Network Requirements¶

Port	Direction	Purpose
8126	Inbound	FastAPI REST API
8536	Inbound	Streamlit UI
19530	Internal	Milvus gRPC
9091	Internal	Milvus health
9000/9001	Internal	MinIO API/Console
2379	Internal	etcd
443	Outbound	Anthropic API (Claude)
443	Outbound	PubMed, ClinicalTrials.gov (ingest)

API Keys¶

Key	Required	Purpose
`ANTHROPIC_API_KEY`	Yes (for LLM synthesis)	Claude Sonnet 4.6 access
`NCBI_API_KEY`	Optional	PubMed ingest (higher rate limits)

2. Docker Compose Deployment¶

2.1 Quick Start¶

# Clone the repository
cd ai_agent_adds/cardiology_intelligence_agent

# Configure environment
cp .env.example .env
# Edit .env:
#   CARDIO_ANTHROPIC_API_KEY=sk-ant-...
#   CARDIO_NCBI_API_KEY=... (optional)

# Start all services
docker compose up -d

# Watch setup logs
docker compose logs -f cardio-setup

# Verify all services are running
docker compose ps

2.2 Service Architecture¶

The docker-compose.yml defines 6 services:

services:
  etcd:        # Milvus metadata store
  minio:       # Milvus object storage
  milvus:      # Vector database
  cardio-setup: # One-shot: create collections + seed data
  cardio-api:  # FastAPI server
  cardio-ui:   # Streamlit UI

2.3 Service Startup Order¶

etcd starts first (no dependencies)
minio starts first (no dependencies)
milvus starts after etcd + minio are healthy
cardio-setup starts after milvus is healthy; runs once and exits
cardio-api starts after cardio-setup completes
cardio-ui starts after cardio-api is healthy

2.4 Verifying Deployment¶

# Check all services
docker compose ps

# Expected output:
# NAME               STATUS     PORTS
# etcd               running    2379
# minio              running    9000, 9001
# milvus             running    19530, 9091
# cardio-setup       exited(0)  -
# cardio-api         running    8126
# cardio-ui          running    8536

# Health checks
curl http://localhost:8126/health
curl http://localhost:9091/healthz

# Open UI
open http://localhost:8536

2.5 Stopping and Restarting¶

# Stop all services (preserves data)
docker compose stop

# Start again
docker compose start

# Full teardown (removes containers, preserves volumes)
docker compose down

# Full teardown including data volumes
docker compose down -v

3. Manual Deployment¶

3.1 Milvus Setup¶

The Cardiology Intelligence Agent requires a running Milvus 2.4 instance. If you already have Milvus running (e.g., from the HCLS AI Factory), skip this step.

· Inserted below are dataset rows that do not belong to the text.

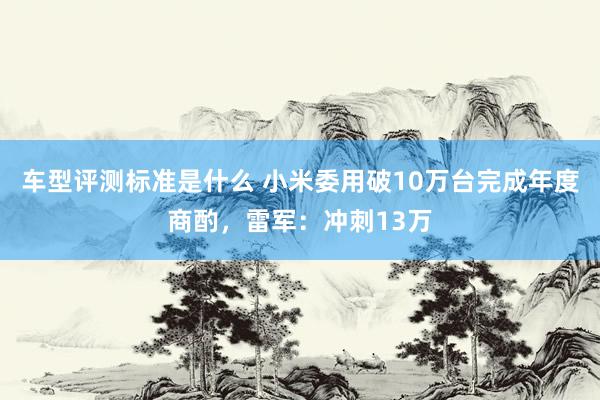 车型评测标准是什么 小米委用破10万台完成年度商酌，雷军：冲刺13万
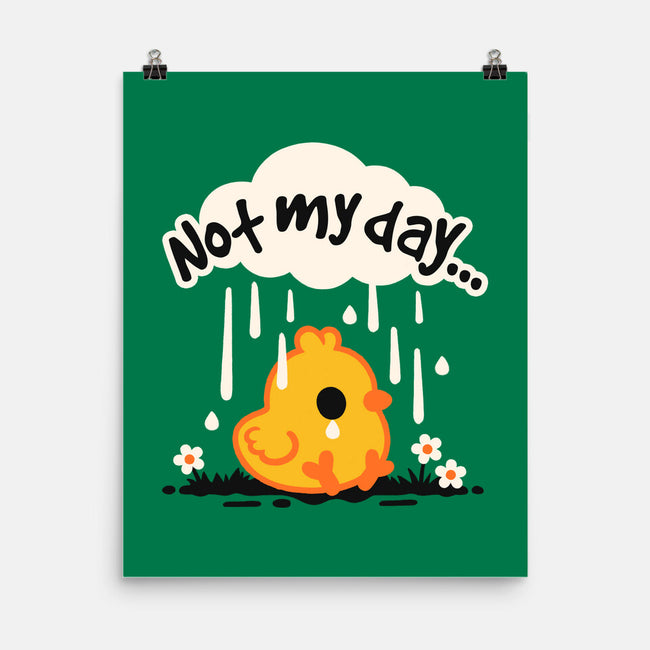 Not My Day Sad Chick-None-Matte-Poster-NemiMakeit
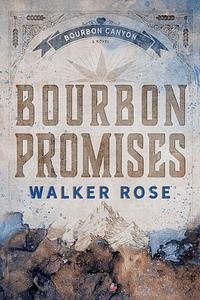 Bourbon Promises by Walker Rose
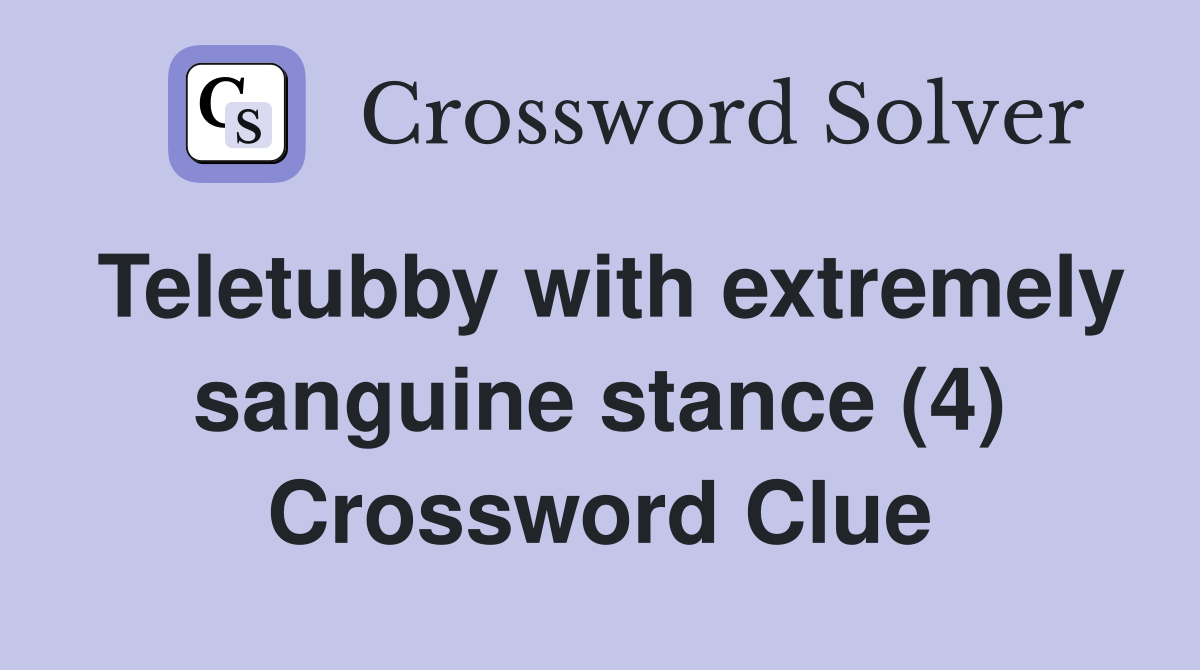 Teletubby with extremely sanguine stance (4) Crossword Clue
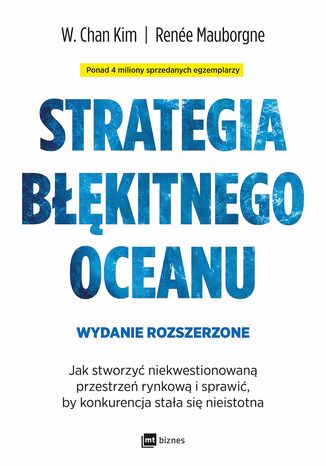 Strategia błękitnego oceanu. Wydanie rozszerzone. Jak stworzyć niekwestionowaną przestrzeń rynkową i sprawić, by konkurencja stała się nieistotna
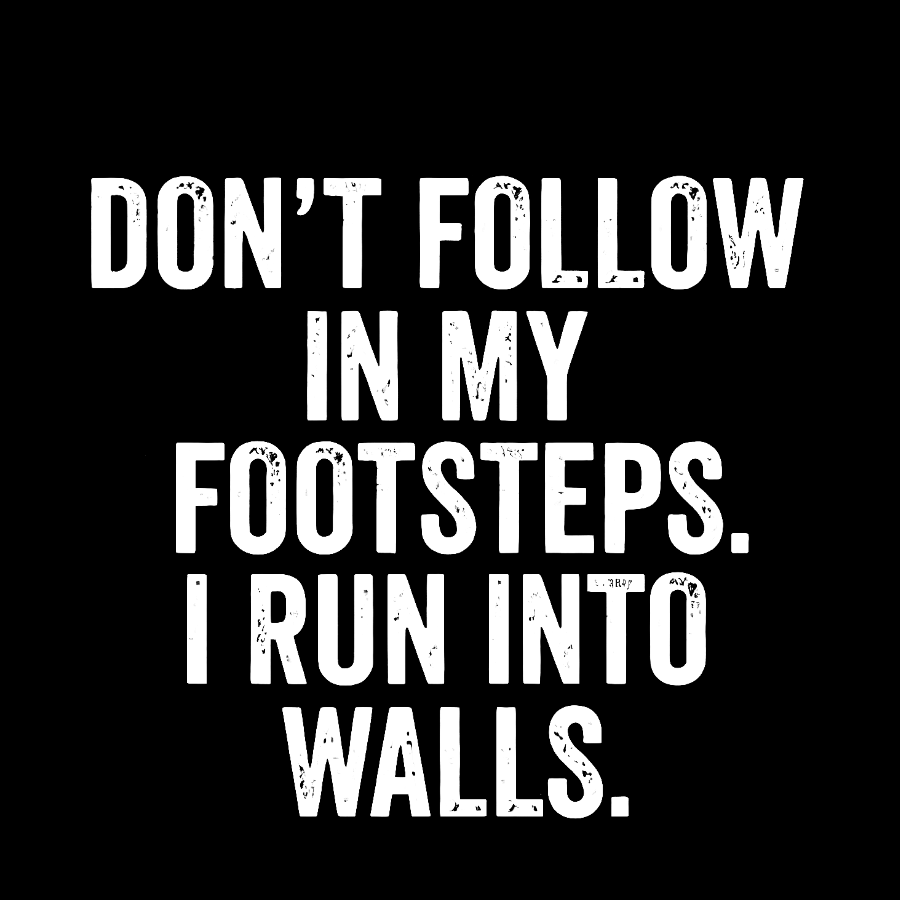 Don't Follow In My Footsteps I Run Into Walls Washed Long Sleeve Tee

# Option 1: Use existing HCLS AI Factory Milvus
# Set CARDIO_MILVUS_HOST and CARDIO_MILVUS_PORT in .env

# Option 2: Start standalone Milvus
docker run -d --name milvus \
  -p 19530:19530 \
  -p 9091:9091 \
  -v milvus_data:/var/lib/milvus \
  milvusdb/milvus:v2.4-latest \
  milvus run standalone

3.2 Python Environment¶

cd ai_agent_adds/cardiology_intelligence_agent

# Create virtual environment
python3.12 -m venv .venv
source .venv/bin/activate

# Install dependencies
pip install -r requirements.txt

# Configure environment
cp .env.example .env
# Edit .env with your settings

3.3 Collection Setup¶

# Create all 12 cardiology collections
python scripts/setup_collections.py --drop-existing --seed

# Seed knowledge graph data
python scripts/seed_knowledge.py

# Optional: Run live data ingest
python scripts/run_ingest.py

3.4 Start Services¶

# Terminal 1: FastAPI server
uvicorn api.main:app --host 0.0.0.0 --port 8126 --workers 2

# Terminal 2: Streamlit UI
streamlit run app/cardio_ui.py --server.port 8536

4. Milvus Tuning¶

4.1 Index Configuration¶

All collections use IVF_FLAT with COSINE similarity. This provides high recall suitable for clinical queries at acceptable latency on DGX Spark.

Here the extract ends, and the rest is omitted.